The Takaka Terrane is a Paleozoic terrane that outcrops in the South Island of New Zealand.  It is most extensively exposed within the Kahurangi National Park in the Tasman District. The terrane is mostly made up of marble and volcanic rocks but is highly variable in composition.  It ranges in age from mid-Cambrian to Devonian time (510–400 Ma), including New Zealand's oldest rocks, which are found in the Cobb Valley in north-west Nelson. The Cobb Valley is also the location of "Trilobite Rock" a glacial dropstone made from the moulted exoskeletons of trilobites.

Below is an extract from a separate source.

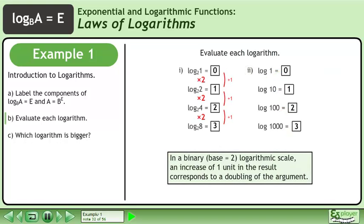In a binary base 2 logarithmic scale, an increase of 1 unit in the result corresponds to a doubling of the argument.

Asbestos was mined in the Cobb Valley from the Takaka Terrene between the late 1880s and 1917. The Takaka Terrane is highly deformed and has been intruded by many batholiths.

Description 
The Takaka Terrane has two main igneous units, the arc-related Devil River Volcanics Group (Middle to Late Cambrian) and the rift‐related Gendarme Dolerite (latest Cambrian to Early Ordovician age). The Devil River Volcanics Group sediments contain trilobites, brachiopods and conodonts. Sedimentary units in the Takaka Terrane (Haupiri Group and Junction Formation rocks) likely formed in a back-arc basin. The distinctive Arthur Marble from Takaka Hill and Mount Arthur is of Ordovician age. It has been speculated that the Takaka Terrane is equivalent to rocks in Tasmania, Australia and was separated from them with the opening of the Tasman Sea.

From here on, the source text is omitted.